From a cruise perspective, there are two ways to get there. Larger ships call at Naples (where transfers are available), whereas the likes of Oceania Cruises, Crystal and Star Clippers call at Sorrento, a pretty but small resort town. Sorrento’s bars, restaurants and shops (which sell ceramics, lace-work and intarsio) sit against the striking backdrop of its imposing sea cliffs. The town is best known for the digestif limoncello (made from lemon rinds, water and sugar), which is produced there. The factories where the drink is made are open to the public and worth a visit. Sorrento is also the gateway to some of Italy’s finest sights: to the south is beautiful countryside, to the north is Pompeii and other ancient ruins, while to the east is the Amalfi Coast, on a walkway DH Lawrence called the “path of the gods”.

If your guests want to walk there are plenty of routes available, suiting all ages and mobilities, many of which follow ancient trade routes. Cruise lines and local guides run tours, but with a map and a bit of preparation, they’re also easy to do alone. If there’s time, there’s no better way to explore this remarkable region.

Similarly, making your own way from Sorrento to Capri is easy enough. From the marina there are regular boats to the island that take 30 minutes and cost around €16; in Capri, there’s a regular funicular railway which will take you to Capri Town for a few euros. Some cruise lines will charge guests to rent an audio guide, but not include these two expenses.

Capri Town is, unsurprisingly, pricey: full of boutiques, gift shops and tourist-heavy cafés, but outside the town you’ll find luxurious villas, some dating back to Roman times, with neat, intricate gardens where olives, lemons and basil plants grow; as well as winding cobblestone paths and beautiful views across the region.

There are also some incredible restaurants, serving cuisine from the island, the wider region and the rest of Italy. The most famous dish found here is ravioli caprese, made with parmigiano, aged caciotta cheese and marjoram in a fresh tomato-and-basil sauce. It’s simple Italian cooking at its best.

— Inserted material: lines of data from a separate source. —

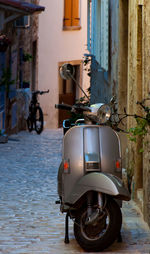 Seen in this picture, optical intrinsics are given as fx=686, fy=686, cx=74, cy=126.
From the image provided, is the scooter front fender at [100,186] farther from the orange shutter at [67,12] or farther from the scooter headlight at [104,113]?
the orange shutter at [67,12]

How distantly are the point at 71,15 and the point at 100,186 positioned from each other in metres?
20.3

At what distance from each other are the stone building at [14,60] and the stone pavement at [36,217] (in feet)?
19.1

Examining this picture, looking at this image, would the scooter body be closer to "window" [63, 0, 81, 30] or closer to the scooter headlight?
the scooter headlight

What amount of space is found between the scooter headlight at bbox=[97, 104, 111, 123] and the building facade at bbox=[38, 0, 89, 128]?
19358 millimetres

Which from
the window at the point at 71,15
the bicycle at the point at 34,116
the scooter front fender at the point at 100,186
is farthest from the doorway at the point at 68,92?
the scooter front fender at the point at 100,186

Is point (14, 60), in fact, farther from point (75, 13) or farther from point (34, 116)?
point (75, 13)

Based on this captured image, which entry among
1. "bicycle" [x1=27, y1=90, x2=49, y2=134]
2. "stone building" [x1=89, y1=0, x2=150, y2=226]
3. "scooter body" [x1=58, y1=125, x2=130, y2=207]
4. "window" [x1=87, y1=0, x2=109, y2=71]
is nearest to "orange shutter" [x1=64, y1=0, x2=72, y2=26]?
"bicycle" [x1=27, y1=90, x2=49, y2=134]

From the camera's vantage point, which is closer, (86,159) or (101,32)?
(86,159)

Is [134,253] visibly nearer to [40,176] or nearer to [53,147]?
[40,176]

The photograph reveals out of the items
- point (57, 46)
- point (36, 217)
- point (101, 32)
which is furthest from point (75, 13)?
point (36, 217)

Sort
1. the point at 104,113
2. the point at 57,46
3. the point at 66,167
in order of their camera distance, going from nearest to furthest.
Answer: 1. the point at 104,113
2. the point at 66,167
3. the point at 57,46

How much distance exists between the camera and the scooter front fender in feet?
16.1

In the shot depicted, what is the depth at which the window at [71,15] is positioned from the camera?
80.8 ft

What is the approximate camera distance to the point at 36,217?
21.3ft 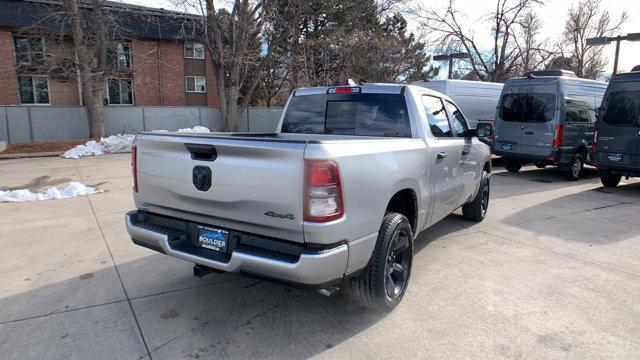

The island is only four miles long with any number of signposted walking routes or winding pathways to wander down. It’s away from the main drag you will find the real Capri.

The island’s most famous attraction is the Grotta Azzurra, a mesmerising sea cave illuminated by an ethereal blue light. Two Germans – the writer Augustus Kopisch and painter Ernst Fries – claimed to have discovered the cave in 1826. In reality they weren’t the first: it was already used (and kept secret) by the locals, and Tiberius built a quay in the cave in about AD30, complete with a shrine to Triton, the messenger of the sea in Greek mythology. Excursions run from the marina and take an hour or so.

To see further evidence of Roman settlement, there’s also the Villa Jovis, found at the summit of Mount Tiberio, which boasts incredible views. It was built in the first century AD for Tiberius, the most splendid of 12 imperial hideaways that he commissioned on the island. Only ruins remain: eight levels of walls and staircases that hint at the grandeur of the original building, a spectacular example of early Roman architecture.

And of course, there’s also a beach: the Marina Grande Beach, which is two minutes’ walk from Capri’s bustling, pretty port.